Input data.
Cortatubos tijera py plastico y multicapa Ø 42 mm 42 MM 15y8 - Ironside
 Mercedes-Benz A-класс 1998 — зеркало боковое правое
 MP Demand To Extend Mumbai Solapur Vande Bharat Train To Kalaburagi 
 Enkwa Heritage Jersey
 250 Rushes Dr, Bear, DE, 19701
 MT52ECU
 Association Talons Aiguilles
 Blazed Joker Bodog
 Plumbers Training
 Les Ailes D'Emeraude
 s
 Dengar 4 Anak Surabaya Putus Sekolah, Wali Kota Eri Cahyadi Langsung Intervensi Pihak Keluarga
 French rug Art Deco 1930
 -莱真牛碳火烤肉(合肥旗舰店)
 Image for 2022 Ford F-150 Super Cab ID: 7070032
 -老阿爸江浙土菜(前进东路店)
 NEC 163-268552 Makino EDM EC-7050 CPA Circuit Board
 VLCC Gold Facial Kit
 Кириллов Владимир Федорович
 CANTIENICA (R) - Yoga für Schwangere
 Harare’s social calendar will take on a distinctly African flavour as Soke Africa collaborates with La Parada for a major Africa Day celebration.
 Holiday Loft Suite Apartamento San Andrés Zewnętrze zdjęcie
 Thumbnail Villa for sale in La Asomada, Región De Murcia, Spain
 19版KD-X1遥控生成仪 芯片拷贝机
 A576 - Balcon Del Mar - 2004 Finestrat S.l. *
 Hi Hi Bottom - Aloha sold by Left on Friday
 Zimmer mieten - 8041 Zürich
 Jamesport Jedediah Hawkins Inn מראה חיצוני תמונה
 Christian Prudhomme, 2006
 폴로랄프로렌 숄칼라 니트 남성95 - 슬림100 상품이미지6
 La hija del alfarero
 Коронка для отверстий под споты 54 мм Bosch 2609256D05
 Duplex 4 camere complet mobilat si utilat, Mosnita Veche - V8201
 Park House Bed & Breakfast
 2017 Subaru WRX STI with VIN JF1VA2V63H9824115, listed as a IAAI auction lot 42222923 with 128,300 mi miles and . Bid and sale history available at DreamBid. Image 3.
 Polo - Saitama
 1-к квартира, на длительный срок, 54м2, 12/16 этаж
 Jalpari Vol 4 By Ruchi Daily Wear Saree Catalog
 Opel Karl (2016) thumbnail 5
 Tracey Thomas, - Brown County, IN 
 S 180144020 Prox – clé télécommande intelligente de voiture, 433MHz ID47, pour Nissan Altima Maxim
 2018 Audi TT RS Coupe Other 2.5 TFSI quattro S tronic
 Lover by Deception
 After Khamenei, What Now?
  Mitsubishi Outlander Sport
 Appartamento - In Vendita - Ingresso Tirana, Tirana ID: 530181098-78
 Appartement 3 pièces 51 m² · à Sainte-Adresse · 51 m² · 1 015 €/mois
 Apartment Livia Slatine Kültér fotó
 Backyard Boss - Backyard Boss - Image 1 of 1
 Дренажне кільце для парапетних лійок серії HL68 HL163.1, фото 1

What needs to be done. The records above are to be given again in full, exactly.

Exercise result.
Cortatubos tijera py plastico y multicapa Ø 42 mm 42 MM 15y8 - Ironside
 Mercedes-Benz A-класс 1998 — зеркало боковое правое
 MP Demand To Extend Mumbai Solapur Vande Bharat Train To Kalaburagi 
 Enkwa Heritage Jersey
 250 Rushes Dr, Bear, DE, 19701
 MT52ECU
 Association Talons Aiguilles
 Blazed Joker Bodog
 Plumbers Training
 Les Ailes D'Emeraude
 s
 Dengar 4 Anak Surabaya Putus Sekolah, Wali Kota Eri Cahyadi Langsung Intervensi Pihak Keluarga
 French rug Art Deco 1930
 -莱真牛碳火烤肉(合肥旗舰店)
 Image for 2022 Ford F-150 Super Cab ID: 7070032
 -老阿爸江浙土菜(前进东路店)
 NEC 163-268552 Makino EDM EC-7050 CPA Circuit Board
 VLCC Gold Facial Kit
 Кириллов Владимир Федорович
 CANTIENICA (R) - Yoga für Schwangere
 Harare’s social calendar will take on a distinctly African flavour as Soke Africa collaborates with La Parada for a major Africa Day celebration.
 Holiday Loft Suite Apartamento San Andrés Zewnętrze zdjęcie
 Thumbnail Villa for sale in La Asomada, Región De Murcia, Spain
 19版KD-X1遥控生成仪 芯片拷贝机
 A576 - Balcon Del Mar - 2004 Finestrat S.l. *
 Hi Hi Bottom - Aloha sold by Left on Friday
 Zimmer mieten - 8041 Zürich
 Jamesport Jedediah Hawkins Inn מראה חיצוני תמונה
 Christian Prudhomme, 2006
 폴로랄프로렌 숄칼라 니트 남성95 - 슬림100 상품이미지6
 La hija del alfarero
 Коронка для отверстий под споты 54 мм Bosch 2609256D05
 Duplex 4 camere complet mobilat si utilat, Mosnita Veche - V8201
 Park House Bed & Breakfast
 2017 Subaru WRX STI with VIN JF1VA2V63H9824115, listed as a IAAI auction lot 42222923 with 128,300 mi miles and . Bid and sale history available at DreamBid. Image 3.
 Polo - Saitama
 1-к квартира, на длительный срок, 54м2, 12/16 этаж
 Jalpari Vol 4 By Ruchi Daily Wear Saree Catalog
 Opel Karl (2016) thumbnail 5
 Tracey Thomas, - Brown County, IN 
 S 180144020 Prox – clé télécommande intelligente de voiture, 433MHz ID47, pour Nissan Altima Maxim
 2018 Audi TT RS Coupe Other 2.5 TFSI quattro S tronic
 Lover by Deception
 After Khamenei, What Now?
  Mitsubishi Outlander Sport
 Appartamento - In Vendita - Ingresso Tirana, Tirana ID: 530181098-78
 Appartement 3 pièces 51 m² · à Sainte-Adresse · 51 m² · 1 015 €/mois
 Apartment Livia Slatine Kültér fotó
 Backyard Boss - Backyard Boss - Image 1 of 1
 Дренажне кільце для парапетних лійок серії HL68 HL163.1, фото 1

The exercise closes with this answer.